Wildlife Refuge Animals by Kerri Pajutee

Partial view of the Tanzanian Wildlife Refuge. Animals by Kerri Pajutee with the exception of lioness and Thomson's gazelle by Liz McInnis. Birds by Beth Freeman-Kane. Scene and habitat by Carey Seven.

Kerri Pajutee is known worldwide for her incredible 1/12-scale interpretations of animals. Her miniature menagerie most often represents pets, small wildlife and farm animals, but she found herself in new territory when she was asked to create species from Africa for the Tanzanian Wildlife Refuge. Her hand sculpted creations included giraffes, elephants, hippos, zebras, chimpanzees, a lion cub and wildebeest for the 68" wide by 24" deep by 32" high wall display that was a collaboration with Elizabeth McInnis, Beth Freeman-Kane and Carey Seven.

Elephants by Kerri Pajutee. Lilac-breasted Roller and Cattle Egrets by Beth Freeman-Kane.

Kerri began her first wildebeest sculpture by studying reference photos of the live animal, as well as life-sized wildebeest taxidermy mannequins for the underlying muscles. She sketched a 1/12th template for the pose to use for constructing the armature and used firm BeeSPuttY clay to build out the sculpture before applying it to the framework and curing the figure. Next, the sculpture was painted in acrylics and a realistic fiber coat was applied using glue. Subtle details and shading on the wildebeest’s flocked coat were then hand painted.

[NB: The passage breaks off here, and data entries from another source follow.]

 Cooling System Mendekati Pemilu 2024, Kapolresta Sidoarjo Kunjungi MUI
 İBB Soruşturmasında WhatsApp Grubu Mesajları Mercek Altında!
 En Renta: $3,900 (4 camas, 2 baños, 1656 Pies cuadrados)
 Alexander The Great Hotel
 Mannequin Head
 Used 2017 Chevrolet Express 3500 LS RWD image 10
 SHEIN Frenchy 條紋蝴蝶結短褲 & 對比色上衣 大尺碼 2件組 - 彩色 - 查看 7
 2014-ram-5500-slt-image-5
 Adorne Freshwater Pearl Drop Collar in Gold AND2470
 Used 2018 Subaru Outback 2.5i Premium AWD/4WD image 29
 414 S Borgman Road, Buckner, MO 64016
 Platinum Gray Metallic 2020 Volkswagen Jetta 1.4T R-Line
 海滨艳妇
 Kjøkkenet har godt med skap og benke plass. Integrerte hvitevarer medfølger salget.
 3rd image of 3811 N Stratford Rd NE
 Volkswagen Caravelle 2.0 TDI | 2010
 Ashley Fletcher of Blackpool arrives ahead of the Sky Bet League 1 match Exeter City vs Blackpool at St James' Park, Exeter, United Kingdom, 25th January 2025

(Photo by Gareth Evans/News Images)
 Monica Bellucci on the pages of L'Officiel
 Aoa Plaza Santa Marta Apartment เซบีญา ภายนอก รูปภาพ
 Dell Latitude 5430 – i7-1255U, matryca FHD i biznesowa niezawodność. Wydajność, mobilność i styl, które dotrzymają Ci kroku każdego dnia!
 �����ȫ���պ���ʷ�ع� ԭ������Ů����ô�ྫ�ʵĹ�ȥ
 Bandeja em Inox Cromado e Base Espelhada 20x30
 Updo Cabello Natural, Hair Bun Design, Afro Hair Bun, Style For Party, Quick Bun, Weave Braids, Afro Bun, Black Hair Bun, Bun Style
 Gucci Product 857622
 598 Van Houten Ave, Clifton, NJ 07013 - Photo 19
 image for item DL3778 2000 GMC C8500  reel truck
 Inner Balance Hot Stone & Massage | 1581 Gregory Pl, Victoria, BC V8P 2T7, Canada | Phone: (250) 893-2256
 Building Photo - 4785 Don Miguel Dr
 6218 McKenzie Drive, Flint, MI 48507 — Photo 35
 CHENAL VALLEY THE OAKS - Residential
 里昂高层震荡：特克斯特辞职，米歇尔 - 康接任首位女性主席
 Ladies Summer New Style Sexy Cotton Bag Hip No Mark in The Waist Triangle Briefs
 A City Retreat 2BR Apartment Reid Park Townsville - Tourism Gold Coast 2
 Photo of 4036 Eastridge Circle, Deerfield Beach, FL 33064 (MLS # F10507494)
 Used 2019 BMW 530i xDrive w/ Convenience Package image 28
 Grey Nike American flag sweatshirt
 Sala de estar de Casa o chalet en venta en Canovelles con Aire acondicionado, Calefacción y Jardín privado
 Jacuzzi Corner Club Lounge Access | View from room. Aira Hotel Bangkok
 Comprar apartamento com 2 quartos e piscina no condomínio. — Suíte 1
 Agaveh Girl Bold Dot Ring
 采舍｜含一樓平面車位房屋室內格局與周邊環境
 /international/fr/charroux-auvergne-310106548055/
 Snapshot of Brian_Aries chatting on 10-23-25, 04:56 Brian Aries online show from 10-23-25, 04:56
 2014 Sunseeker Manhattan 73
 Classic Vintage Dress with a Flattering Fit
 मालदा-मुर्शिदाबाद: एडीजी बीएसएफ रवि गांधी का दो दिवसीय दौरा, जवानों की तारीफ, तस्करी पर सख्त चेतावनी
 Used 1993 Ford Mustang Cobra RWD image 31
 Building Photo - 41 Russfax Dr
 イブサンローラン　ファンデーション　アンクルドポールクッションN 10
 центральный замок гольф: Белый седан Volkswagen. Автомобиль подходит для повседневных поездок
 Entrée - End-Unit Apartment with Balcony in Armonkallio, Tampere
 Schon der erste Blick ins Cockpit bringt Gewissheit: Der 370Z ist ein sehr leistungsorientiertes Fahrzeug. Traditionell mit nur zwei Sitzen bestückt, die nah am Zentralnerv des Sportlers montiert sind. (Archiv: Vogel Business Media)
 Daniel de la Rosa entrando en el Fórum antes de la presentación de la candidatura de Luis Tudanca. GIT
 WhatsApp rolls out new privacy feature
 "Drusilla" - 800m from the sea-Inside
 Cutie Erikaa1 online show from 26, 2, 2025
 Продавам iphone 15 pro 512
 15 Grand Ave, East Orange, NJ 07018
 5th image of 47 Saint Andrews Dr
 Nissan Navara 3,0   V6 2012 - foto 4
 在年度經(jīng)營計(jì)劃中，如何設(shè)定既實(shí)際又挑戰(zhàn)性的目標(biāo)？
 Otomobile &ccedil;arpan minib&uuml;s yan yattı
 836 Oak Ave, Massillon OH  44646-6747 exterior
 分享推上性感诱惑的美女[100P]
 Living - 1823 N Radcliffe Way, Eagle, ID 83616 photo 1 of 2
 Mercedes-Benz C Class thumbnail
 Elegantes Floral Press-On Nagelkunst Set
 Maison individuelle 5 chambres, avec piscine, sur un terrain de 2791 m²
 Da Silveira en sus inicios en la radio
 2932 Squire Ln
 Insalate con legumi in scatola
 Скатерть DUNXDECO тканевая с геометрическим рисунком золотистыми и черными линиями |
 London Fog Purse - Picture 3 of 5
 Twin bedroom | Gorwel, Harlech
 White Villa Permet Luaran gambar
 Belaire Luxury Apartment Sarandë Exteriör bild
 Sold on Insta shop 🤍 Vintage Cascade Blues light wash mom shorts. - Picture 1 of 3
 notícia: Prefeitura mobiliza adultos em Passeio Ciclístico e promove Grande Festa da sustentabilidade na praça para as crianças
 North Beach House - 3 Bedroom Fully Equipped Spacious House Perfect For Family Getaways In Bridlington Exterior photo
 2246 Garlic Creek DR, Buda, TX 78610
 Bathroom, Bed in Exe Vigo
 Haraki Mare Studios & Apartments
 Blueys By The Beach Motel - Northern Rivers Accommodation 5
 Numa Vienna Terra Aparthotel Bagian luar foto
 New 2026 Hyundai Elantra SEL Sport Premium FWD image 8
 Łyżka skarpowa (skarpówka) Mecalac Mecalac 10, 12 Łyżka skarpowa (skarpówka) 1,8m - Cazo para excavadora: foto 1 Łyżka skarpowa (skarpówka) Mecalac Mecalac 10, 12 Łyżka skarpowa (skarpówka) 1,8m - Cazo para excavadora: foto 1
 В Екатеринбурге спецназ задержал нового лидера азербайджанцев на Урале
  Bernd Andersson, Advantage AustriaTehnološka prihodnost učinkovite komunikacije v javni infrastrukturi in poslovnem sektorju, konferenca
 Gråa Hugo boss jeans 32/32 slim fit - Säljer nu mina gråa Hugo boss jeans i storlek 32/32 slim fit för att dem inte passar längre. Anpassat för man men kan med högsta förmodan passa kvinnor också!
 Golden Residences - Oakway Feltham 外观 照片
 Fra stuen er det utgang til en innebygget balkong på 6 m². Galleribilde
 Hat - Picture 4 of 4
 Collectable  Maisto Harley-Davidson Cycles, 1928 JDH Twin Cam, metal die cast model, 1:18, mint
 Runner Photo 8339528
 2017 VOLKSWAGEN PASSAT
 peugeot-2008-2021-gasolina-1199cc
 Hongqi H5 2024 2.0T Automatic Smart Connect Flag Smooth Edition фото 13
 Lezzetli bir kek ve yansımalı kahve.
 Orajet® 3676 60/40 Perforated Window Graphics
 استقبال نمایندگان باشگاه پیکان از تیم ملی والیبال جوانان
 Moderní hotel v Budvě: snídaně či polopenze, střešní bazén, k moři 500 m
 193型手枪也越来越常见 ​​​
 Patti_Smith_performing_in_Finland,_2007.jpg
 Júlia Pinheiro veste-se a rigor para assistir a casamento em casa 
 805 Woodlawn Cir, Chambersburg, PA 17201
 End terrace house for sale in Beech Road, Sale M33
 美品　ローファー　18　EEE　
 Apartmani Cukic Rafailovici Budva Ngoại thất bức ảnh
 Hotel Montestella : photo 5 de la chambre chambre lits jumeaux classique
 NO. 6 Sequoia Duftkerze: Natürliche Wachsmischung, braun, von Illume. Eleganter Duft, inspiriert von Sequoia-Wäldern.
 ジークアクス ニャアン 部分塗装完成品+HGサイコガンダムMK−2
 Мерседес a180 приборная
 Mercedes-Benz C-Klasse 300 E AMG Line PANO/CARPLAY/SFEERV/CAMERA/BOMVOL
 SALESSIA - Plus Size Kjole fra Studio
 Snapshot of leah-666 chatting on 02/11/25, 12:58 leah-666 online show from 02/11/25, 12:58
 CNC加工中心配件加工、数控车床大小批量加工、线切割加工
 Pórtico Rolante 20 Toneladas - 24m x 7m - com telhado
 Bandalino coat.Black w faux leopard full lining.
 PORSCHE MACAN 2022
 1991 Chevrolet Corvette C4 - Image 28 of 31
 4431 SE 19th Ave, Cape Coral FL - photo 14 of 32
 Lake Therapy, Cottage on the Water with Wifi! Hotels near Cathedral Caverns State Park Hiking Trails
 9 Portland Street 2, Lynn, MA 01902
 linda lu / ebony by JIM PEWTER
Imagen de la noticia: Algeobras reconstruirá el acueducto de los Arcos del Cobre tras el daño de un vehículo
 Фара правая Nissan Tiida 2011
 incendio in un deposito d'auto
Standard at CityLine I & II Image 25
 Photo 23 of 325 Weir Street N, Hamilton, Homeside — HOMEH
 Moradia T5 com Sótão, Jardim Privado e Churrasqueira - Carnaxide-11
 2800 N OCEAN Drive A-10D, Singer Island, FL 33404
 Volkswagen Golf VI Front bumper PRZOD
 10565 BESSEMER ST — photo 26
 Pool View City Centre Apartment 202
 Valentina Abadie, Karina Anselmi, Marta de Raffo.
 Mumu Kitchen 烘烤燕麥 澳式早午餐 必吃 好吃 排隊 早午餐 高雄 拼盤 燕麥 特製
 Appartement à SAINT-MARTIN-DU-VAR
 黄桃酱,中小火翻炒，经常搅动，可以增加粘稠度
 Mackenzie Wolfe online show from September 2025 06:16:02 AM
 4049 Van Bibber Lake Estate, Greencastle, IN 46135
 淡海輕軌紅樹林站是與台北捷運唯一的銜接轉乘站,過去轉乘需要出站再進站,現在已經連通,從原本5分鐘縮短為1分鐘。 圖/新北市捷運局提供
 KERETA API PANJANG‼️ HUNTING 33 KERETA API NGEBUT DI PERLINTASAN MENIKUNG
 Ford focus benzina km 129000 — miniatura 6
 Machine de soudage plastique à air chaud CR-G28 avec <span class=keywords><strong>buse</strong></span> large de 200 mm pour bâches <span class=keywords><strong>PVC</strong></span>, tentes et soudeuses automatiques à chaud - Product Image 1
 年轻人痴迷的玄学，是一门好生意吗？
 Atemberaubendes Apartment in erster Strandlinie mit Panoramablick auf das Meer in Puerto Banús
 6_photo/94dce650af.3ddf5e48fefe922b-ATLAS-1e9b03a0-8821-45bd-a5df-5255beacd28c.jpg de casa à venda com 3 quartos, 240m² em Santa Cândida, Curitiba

The zebra coats were a little trickier. After covering the cured and painted sculpture in a layer of powder fine white alpaca flock, she hand painted the black stripes using permanent artist inks. The striping process, says Kerri, can be maddening with no room for error. “If the ink bled, the entire flocked coat would have to be removed and I would have to start over.”

Animals by Kerri Pajutee. Blacksmith Plovers by Beth Freeman-Kane.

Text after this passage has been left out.